Because of this habit I indulge in at home I prefer  to eat my meals alone, like my father used to. Like my father I also believe in having my meals at the appointed time and not wait for others to join. I also like to have my meals seated at the table and helping myself with dishes kept on the table. Unlike what many youngsters do these days. They help themselves with the items required on a   plate and eat their meals while watching their favourite TV programmes or reading a book.

My mother always used to stress the importance of respecting the `Dhanya Laxmi` also known as `Anna laxmi`,  the goddess who gives us our food - while eating our meals. She would insist that the children concentrate on the food they eat and respect the Anna Laxmi.  Otherwise, according to her, they might invite the wrath of the goddess. Modern day kids exposed to the world of internet with information on their finger tips are bound to reject such superstitions.

Like the husband in the movie I also follow table manners when I am eating in restaurants or at public functions. I learnt about  table manners the hard way.  It happened in the first  year of my job at Clarion McCann in 1966.  At an office dinner hosted by my boss lady for the staff at her luxurious flat in the upscale Malabar Hills in Bombay.

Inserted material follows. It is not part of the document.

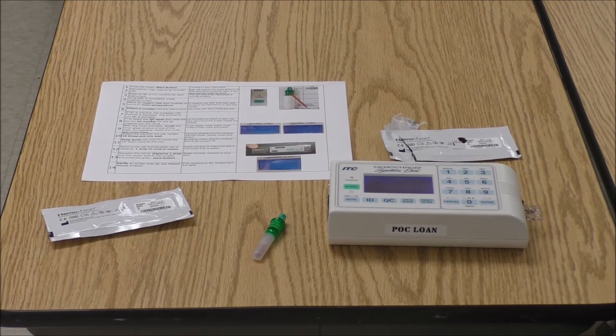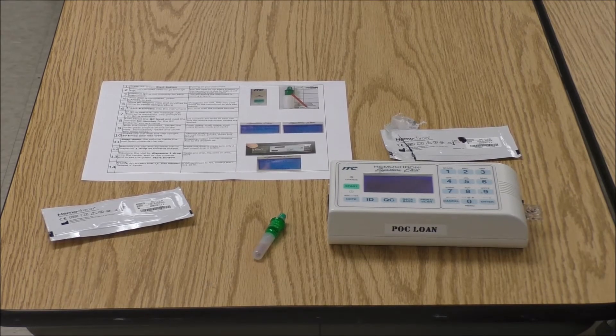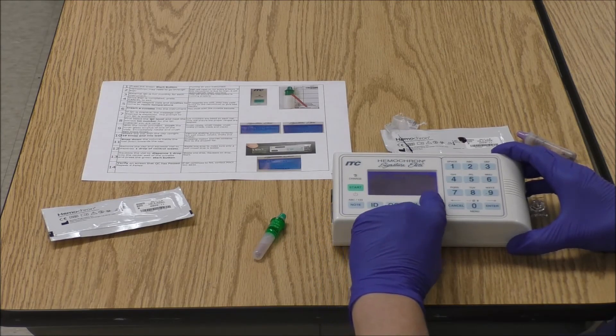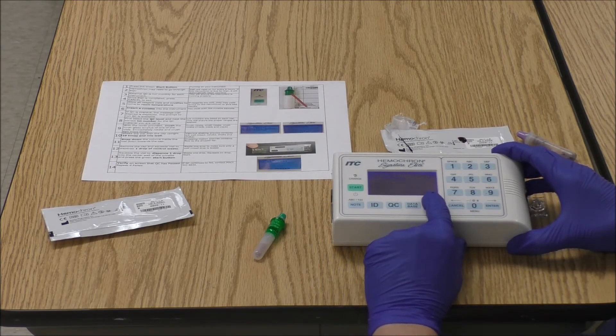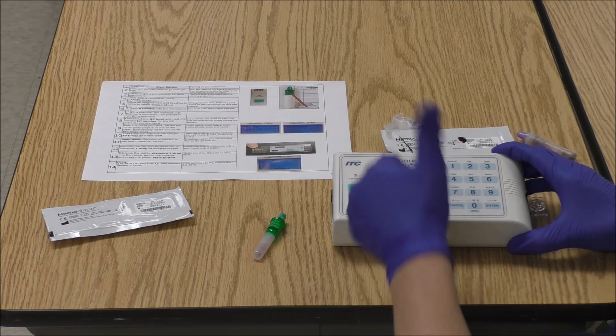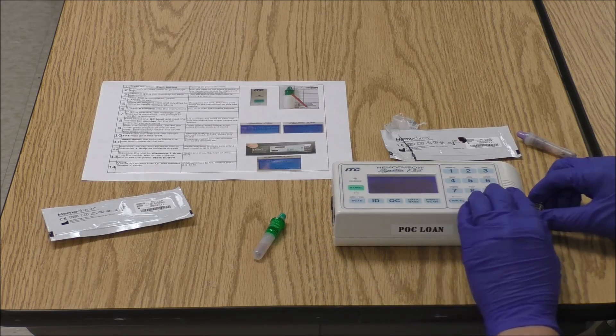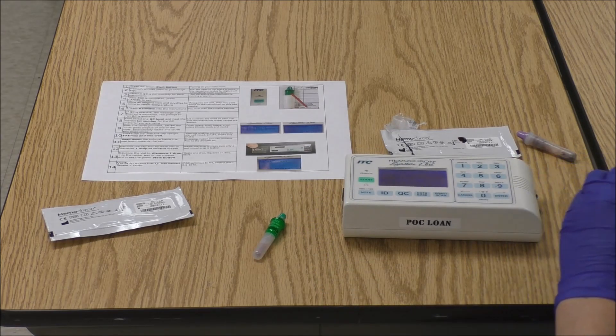The Hemocron Signature Elite is now running your QC. When QC is completed, it will give a beep, and at the bottom it will say 'Test completed.' Remove the cuvette, and you should see the words 'QC passed.' If it says 'QC failed,' you need to repeat that level of QC again. Pull out the cuvette and throw away your supplies.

Though I was careful with my drink, when the dinner was announced I could not resist the spread of food on the dining table. While I was busy tucking away the food on my plate, enjoying every morsel, I found somebody pushing me to a corner. It was my boss lady  who quietly admonished me  for embarrassing her in front of her guests. I did not know what wrong I had done.  Later, I learnt that my fault was that I ate with my hands and was busy licking the food sticking out of  my fingers as I would do at home. I had not used the forks or spoons available on the table.  I felt humiliated. I quickly sneaked out of the house and all the way to my home in Matunga I was sure that I would be sacked the next morning and my dream career in advertising would come to an abrupt end. Fortunately nothing of the sort happened except that I was never invited to any official dinner for the next one year! By which time thanks to a  very close friend  in the office  I had  not only learnt table manners but also other basic etiquettes of life.

 

I have come a long way since that unforgettable incident,  attending hundreds of formal and informal dinners not only in India but also abroad participating in  seminars and conferences over the years. But even today I am not comfortable attending the  three  or four course formal dinners in five star facilities where the liveried bearers change the plates every time you finish one course.

 

I realize that I have never been able to totally get rid of the mindset of a boy from a  middle class family from the chawls of Bombay.